The BBC can produce a story base on whatever sources it wants, and I assume they are happy their story stands up.
MEDIA HANDLING – The Chairman spends more time than he would like defending the club’s reputation but regards it as a very necessary part of his role as it has such a negative effect on the club. He engages with PR advisors, Mediahouse, regularly. He’s very ready to defend both the club and fans from scurrilous attacks.
On his past performances, it might be better if Mr Whyte kept his head down, and left the media coverage to the professionals!
What “scurrilous attacks” does Mr Whyte consider the Club and fans have been subject to? What has he done specifically through his PR advisors to address these?
FINANCE – The Chairman regards it as necessary to pursue a twin-track approach in the current climate with both cost cutting and income generation being the keys to financial health. He used the example of Manchester United operations base in London where they engage with major corporations to exploit commercial value. He is actively seeking to establish an office for Rangers in the city of London – he regards the club as a big one and thinks it’s time we started acting in a manner befitting one. He also believes Rangers has vast untapped potential.
The plan to reduce cost and increase income is a simple one. How it is done is the problem.
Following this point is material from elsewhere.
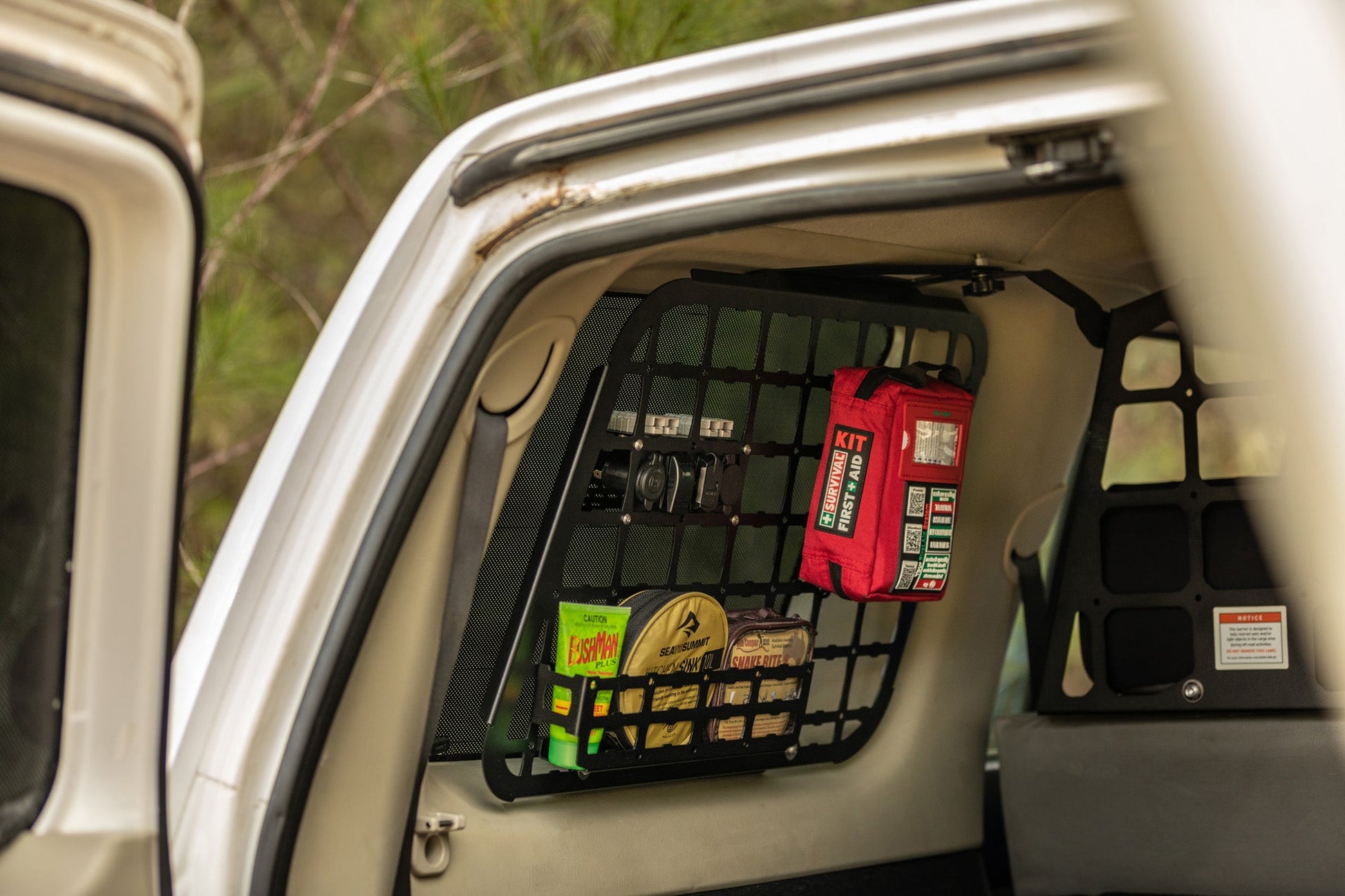 Red Handy case stored in a cargo net in the back of a vehicle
How does he think Rangers will benefit from a London office? Perhaps it can rent space from Collyer Bristow – after all one of their partners is a director of Group!
What are his plans for cost cutting and income generation? In view of Rangers recent poor history as regards fans’ behaviour, or at least public perceptions thereof, how does he see big corporations as being willing to engage?
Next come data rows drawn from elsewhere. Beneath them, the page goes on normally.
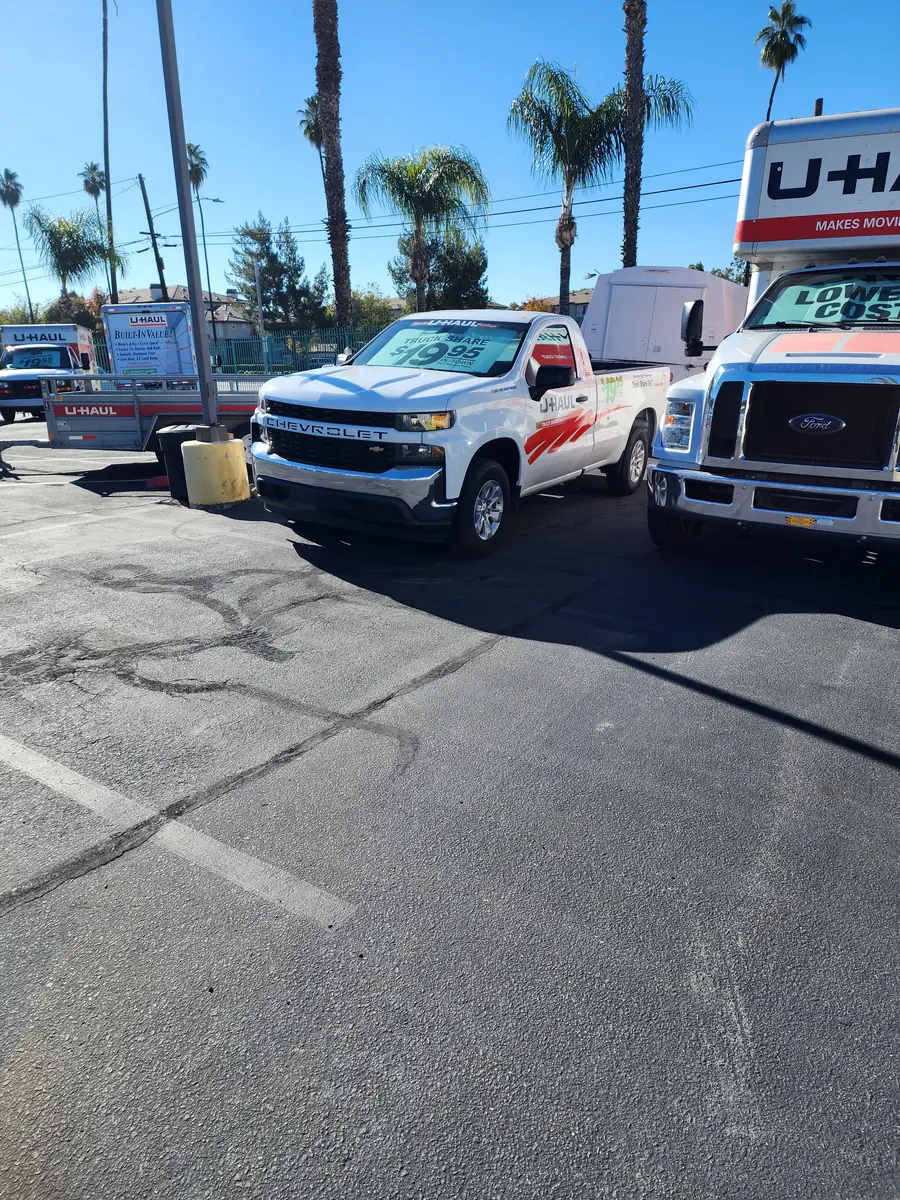 U-Haul trucks and trailers on the Circle C Storage lot — Chevrolet truck-share pickup, Ford U-Haul box truck, and U-Haul trailers under palm trees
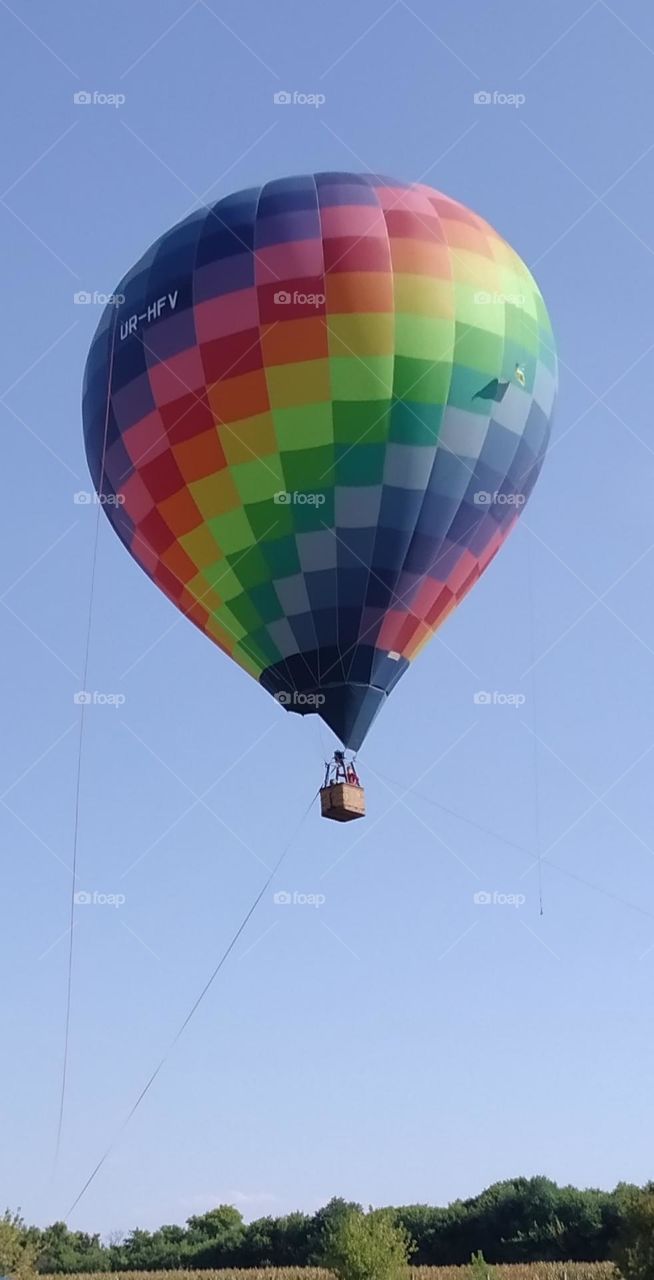 A balloon in the blue sky.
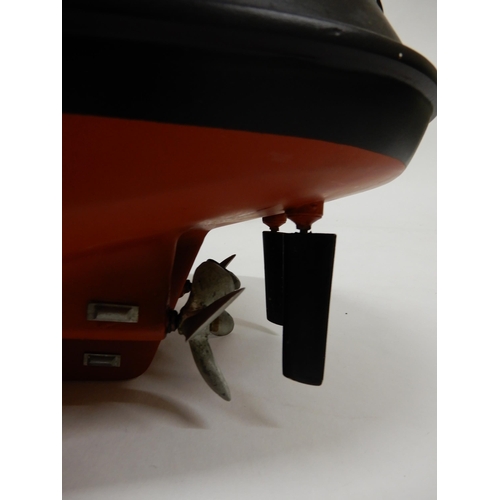 473 - A lot of three assorted model boats, fire rescue craft fitted with petrol motor, 118cm long (46.5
FREEZING OF CASH DUE TO LEGAL PROCEEDINGS – The Chairman conceded this makes life difficult with regard to cash-flow but it will not affect the club’s ability to, for instance, make signings in the January window.
This suggests that (a) the Club has a lot of money in the bank; (b) Group is ready to put in substantial sums of working capital, as pledged in the Circular; (c) players will be sold in January or (d) the plans for signing are very modest.
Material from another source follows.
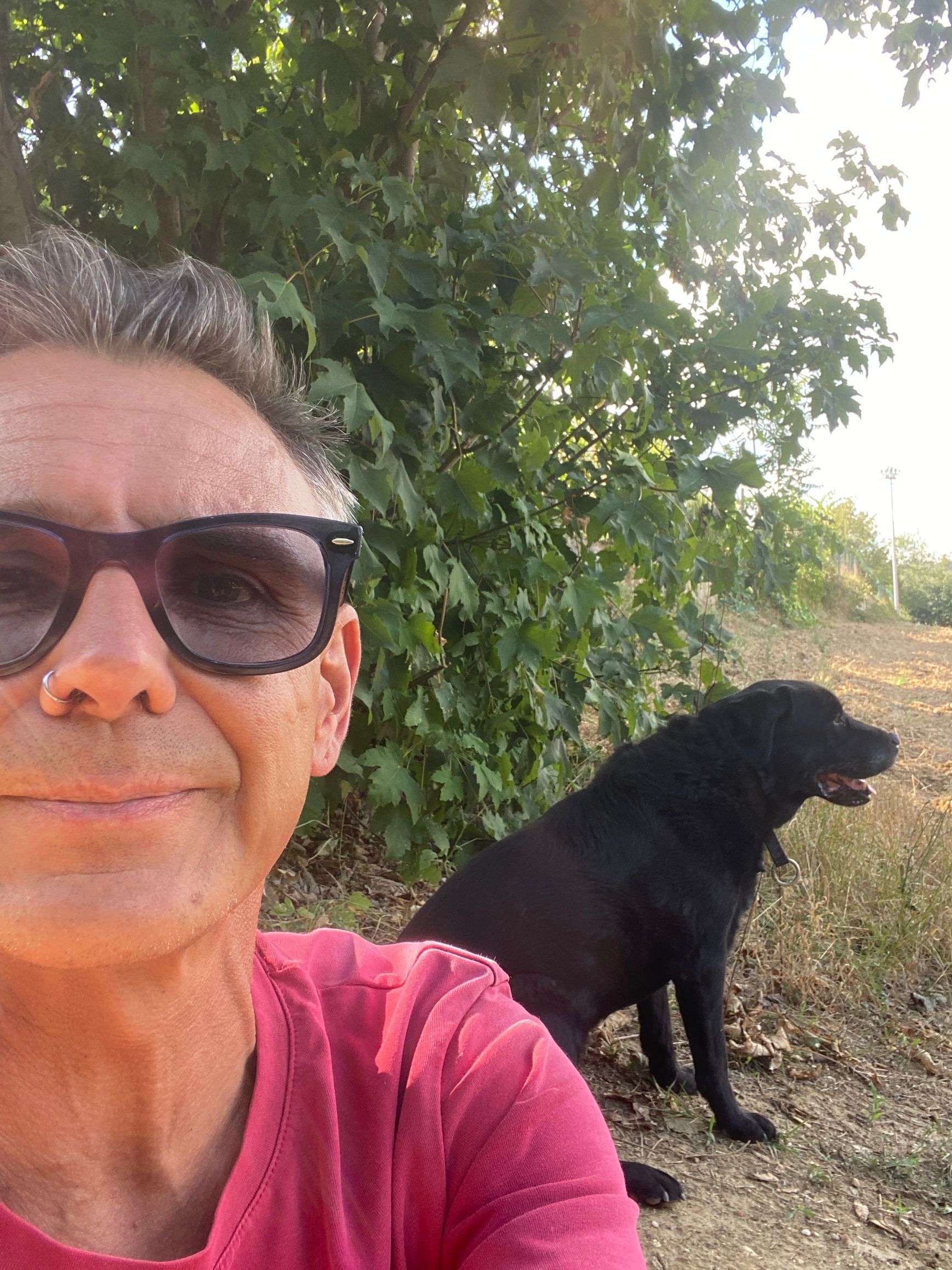 Uomo con occhiali e sciarpa davanti a un albero, illuminato dal sole.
What are Rangers’ transfer plans for January?
That seems to be an implied admission that they will lose! However, the mention of appeals makes it clear that the hearing in November will not be an end of the matter and that an appeal to the Upper Tribunal, with all the consequent delay, is certain.
Why did Mr Whyte not repeat his previous opinion that the Club would succeed at the appeal?
LEARNING FROM OTHER CLUBS – The Chairman hopes to visit Hamburg and see for himself how a large fan-owned club like HSV operates. He also believes that the membership system of Portuguese clubs could be worth exploring and which parts of them might be applicable to Scotland.
Is the suggestion of a “fan owned” club Mr Whyte’s ultimate aim – namely to keep the Club afloat and then have an enormous share issue to get him his investment back, and turn him his profit?
There are lots of questions arising from the Minutes. There are few specific hostages to fortune, but the acknowledgement that administration is a possibility, and indeed the fact that “he does not consider that insolvency is inevitable” suggests that insolvency is more likely than not, might be held against him in the ongoing court proceedings.
Might this public acknowledgement, whilst perhaps being good PR in preparing the supporters for the problems ahead, in fact backfire by prompting other creditors to take action?
We await this evening’s further developments with interest.